Although I am sure that the average rabbi knows this source, for some reason, maybe prudery or excessive "frumkeit", this is hidden from many people in Chattan and Kallah classes. I believe that hiding this is a terrible sin since it creates sexual anxiety in the couple. In a time when marriage is on the rocks, with high divorce rate even in the frum community, and the outside world offering anything and everything, making sex in marriage more tense and less fun may be one of the greatest sins a rabbi can do. (Yes, this is polemical, but I think it is true nonetheless.)
Furthermore, the text of Rambam upon which Rabbi Karo builds his halakha (Mishneh Torah, “Hilkhot Issurei Biah”, 21:9) is actually a censored text. This is a fact. In any uncensored version of the text (see the notes on the Frankel edition for instance), you will see that Rambam too permits ejaculation outside the vagina (derech eivarim) and, unlike Ri, doesn’t even say that this should only be done “occasionally.” He just says a couple can do what they want, no holds barred. These words were erased and replaced with "as long as he doesn't shed seed in vain," but these were not Rambam's words. How much power should a censored text be given? In a sensitive issue like this, I would see little or none at all.

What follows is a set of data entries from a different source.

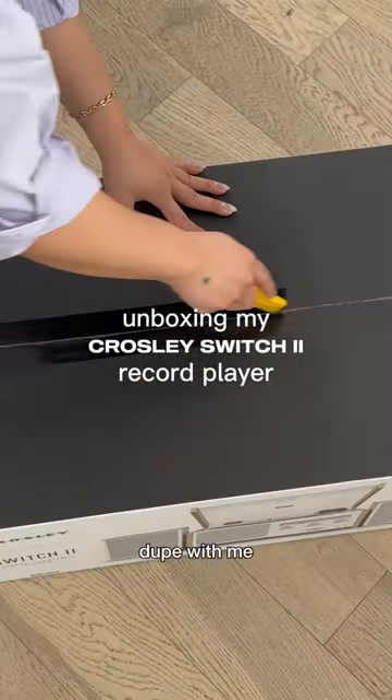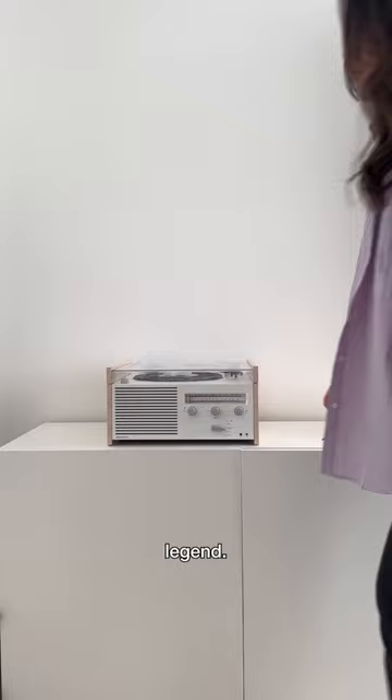Unbox this Dieter Rams dupe with me. If you know, you know — Dieter Rams is a design legend. He was a master of making ordinary objects look like furniture pieces you want to display in your house.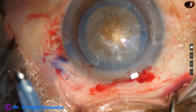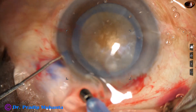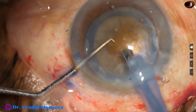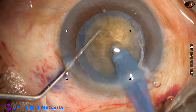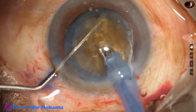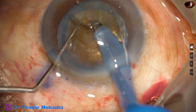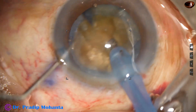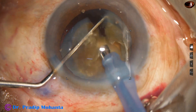The phaco needle goes into the anterior chamber with its bevel down. Some superficial lens matter is removed. I have exposed the phaco needle a little more to manage this hard nucleus. Now I bury the tip into the substance of the nucleus, go towards the opposite equator and get a nice crack. Though the phaco needle was in the substance, you can see that still the track is not deep. And here we can see this endonucleus.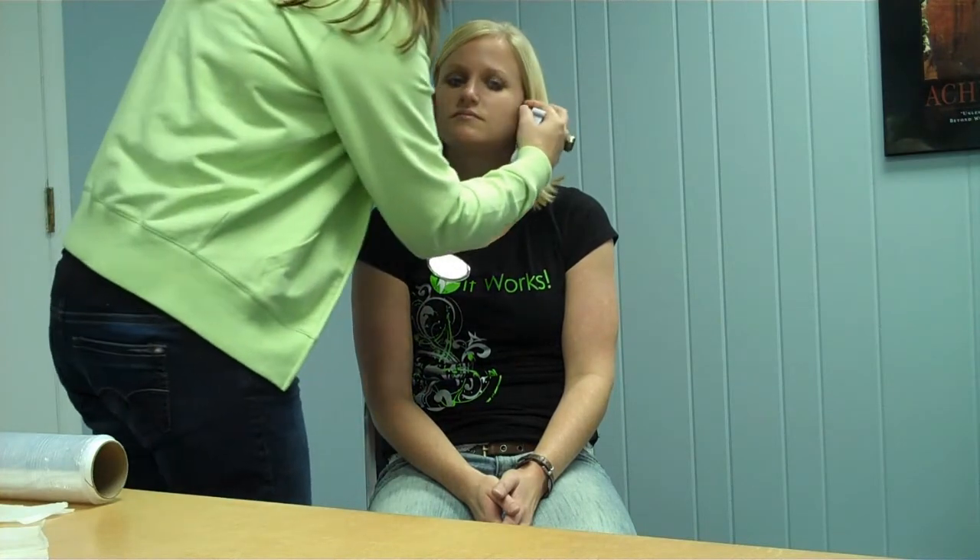I'm going to measure Cami, Denise, from earlobe to earlobe. Now, if your client's doing a facial and a chin, I recommend putting the chin on first, then putting the facial on, and then doing the Saran Wrap to secure the chin. So we're going to start by doing earlobe to earlobe measurement.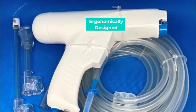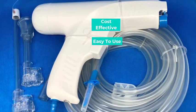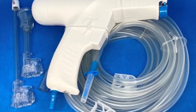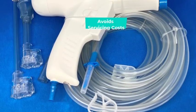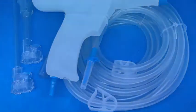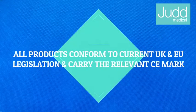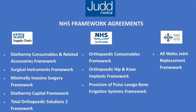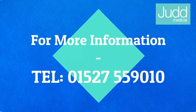Ergonomically designed to meet the needs of orthopaedic surgeons, this reliable, high quality, cost effective and easy to use product saves precious time, which is essential given the ever increasing time restraints placed upon today's surgeons. Unlike the reusable system, it eliminates the risk of infection from improper sterilisation between uses and avoids servicing costs.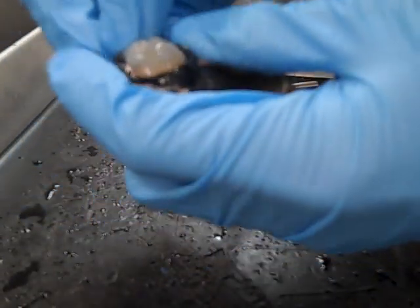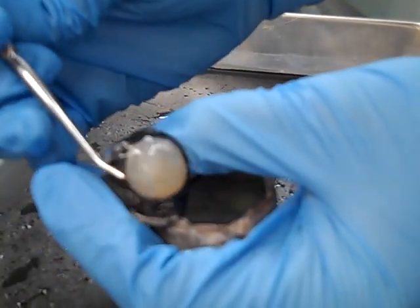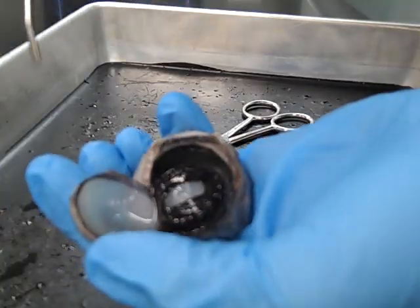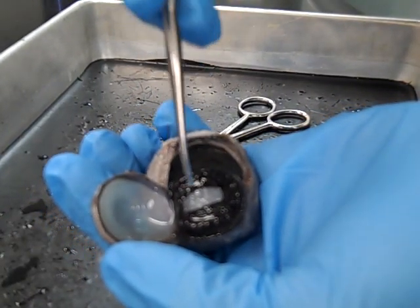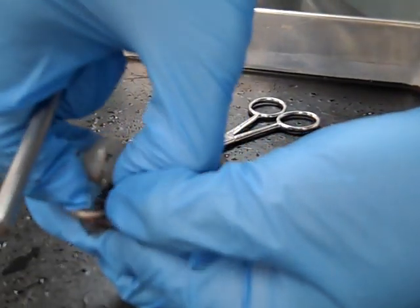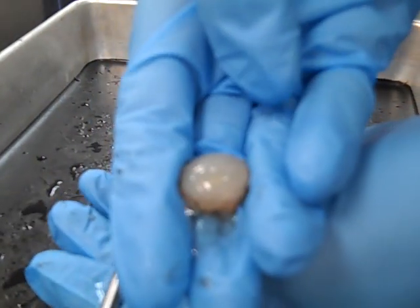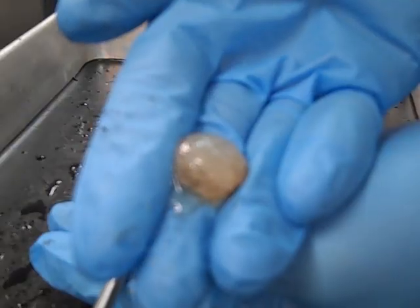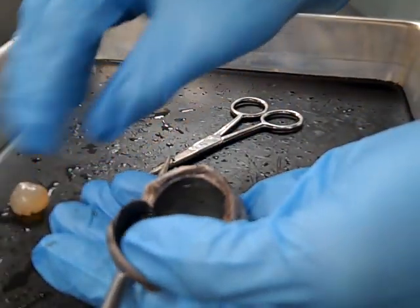We're going to flip this up. Right here, attached to the underside of the cornea, is the iris muscle. That's what this black ring right here is. Right in the middle is the pupil, and right behind that is the lens. Now if this animal were alive, the lens would be extremely flexible, but now that it's preserved it's extremely hard — almost like a marble. Very cool to take a look at.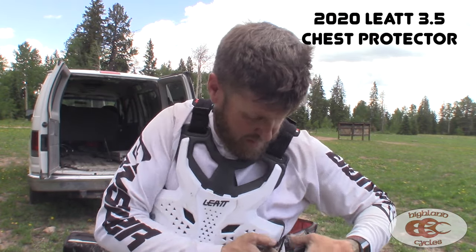But our rep came in, he brought this thing. He said, 'Here, try this thing out, let me know what you think.' I freaking love it. This thing is awesome. It's super easy to put on.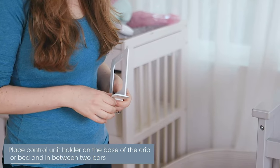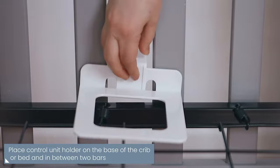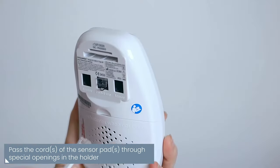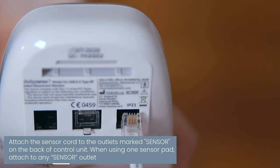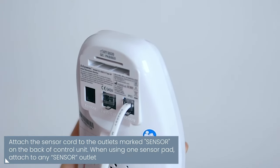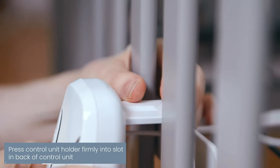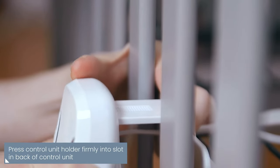Place the control unit holder on the base of the crib and in between two bars. Pass the cord of the sensor pad through the special openings in the holder. Attach the sensor cord to the outlet marked 'sensor' on the back of the control unit.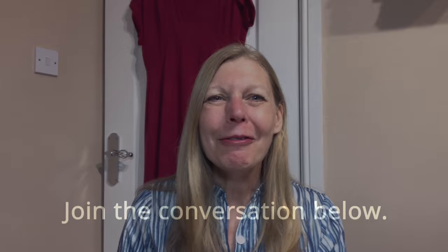Hi everybody, welcome to my channel Frugalissima. My name's Sam and this is where I talk about all things sewing. I hope you're all well. I thought I'd just quickly tell you about some of the things that I've been making recently, just before we go on to the reveal date for the Sew Frugal challenge.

This is a great and practical question. Sexual intimacy between two married partners is essential to the Jewish tradition. In fact there is a great story in the Torah about a student who sneaks under his teacher's bed. At one point the student hears his teacher (a rabbi) flirting (maybe even fondling) with his wife on the bed. The student reveals himself shortly thereafter and even though the teacher is surprised by the student's presence, he is also understanding about the student's efforts. In response, the student exclaims, "This is, too, is Torah, and I must learn it."
There is a valuable piece of Torah to be learned from sexual intimacy. Song of songs is a wonderful example of what it means to love someone intimately and to be in awe of their beauty. Sex can be a wonderful way to connect with one's partner. It's a moment of vulnerability as much as it is about love. I would argue that the love is what makes the vulnerability possible...
We can chalk all the intimacy, vulnerability, and love involved in sex up to recognizing the divine image inherent in each person. But this also requires that we see them as also have worth and dignity. Taking into consideration your assumptions about niddah and seed spilling, as long as your behavior during sex does not effect your partner's dignity or sense of self worth, and as long as it's meant to improve the sexual relationship between the two of you then there is nothing wrong with using handcuffs and/or retraints.
Two words come to mind: HAVE FUN.
As long as this consent is between two sane adults in a healthy relationship and non-compromised state of mind, and as long as there is a way for each party to end this sexual behavior with no consequences, and as long as no one is hurt and no laws broken - what you do in your own private bedroom (or other places for the sake of spicing it up) is your own business. I am not even sure why you would seek a response from a Rabbi about this.